Back on the road, it turns into a paved surface and this allows for some turbo time as you head towards the final stretch leading into camp. After stopping to say hello to some local cows, I could see the turnoff into the forest and knew I had one last burst to go, albeit uphill, before I was at Jinung Beigabup. This finishing stretch was fantastic riding with the lush forest filled with wildflowers and the closed in feeling a welcome change after so much road riding for the day. Checking my phone here, I received a message from Caris telling me that native logging would be banned from 2024 onwards and it was the perfect location to receive this news. Having done a cycling tour of logging in the South West over the past two weeks, it was a nice feeling knowing this wasteful and taxpayer funded lunacy would be coming to a stop (although they left a loophole for the FPC to continue logging under the guise of "environmental maintenance").
Pottering around on the old vehicle tracks and single track leading up to the final climb, I took the time through here to appreciate the forest and the excellent wildflowers dotted through the undergrowth. The final climb wasn't as bad as what I thought and I rounded a corner to be surprised with a sign pointing me into the campsite. Located on top of a hill, this is an excellent spot for a campsite with the surrounding Karri forest providing an extra element to enjoy. Aron was already there and getting ready for the next leg of the journey into Denmark, although he wasn't entirely happy that we were doing it. Ignoring the frosty reception, I was having a blast and was concentrated on refueling and refilling my water bottled for the second half of the day. Signing the log book, I was a bit sad not to be staying here overnight but given it was going to rain for the entirety of the following day, I would rather be wet for an hour or two this afternoon than the whole day tomorrow. After getting all my gear ready, I took some time to walk around the campsite to photograph this stunning spot before heading off to catch up to Aron.

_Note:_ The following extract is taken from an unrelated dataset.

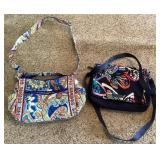 2 Vera Bradley purses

Final Thoughts - As we discussed on the podcast episode for this section (recorded before I write this day up), I think tackling this section as part of a long day into Denmark skewed my experience a fair amount.
If we had ridden this as a normal day by leaving at our usual time and only covering the 56km into camp then the road riding might have seemed like more of an issue. Given I had to press the pace a little bit more, road riding through seemingly endless landscapes is the perfect way to achieve this.
Even taking this into account, I really enjoyed the openness of the stretch from Booner Mundak to Mount Lindesay and only found the road riding a drag when I reached the farmland area.
While this day may not be to everyone's liking, the crossing of the Kent River and the outstanding location of the campsite go a long way to redeeming the long stretches of straight road.
Hopefully I'll return one day to camp a night at Jinung Beigabup and soak in the magic of this iconic location.
Get out there and experience it!!!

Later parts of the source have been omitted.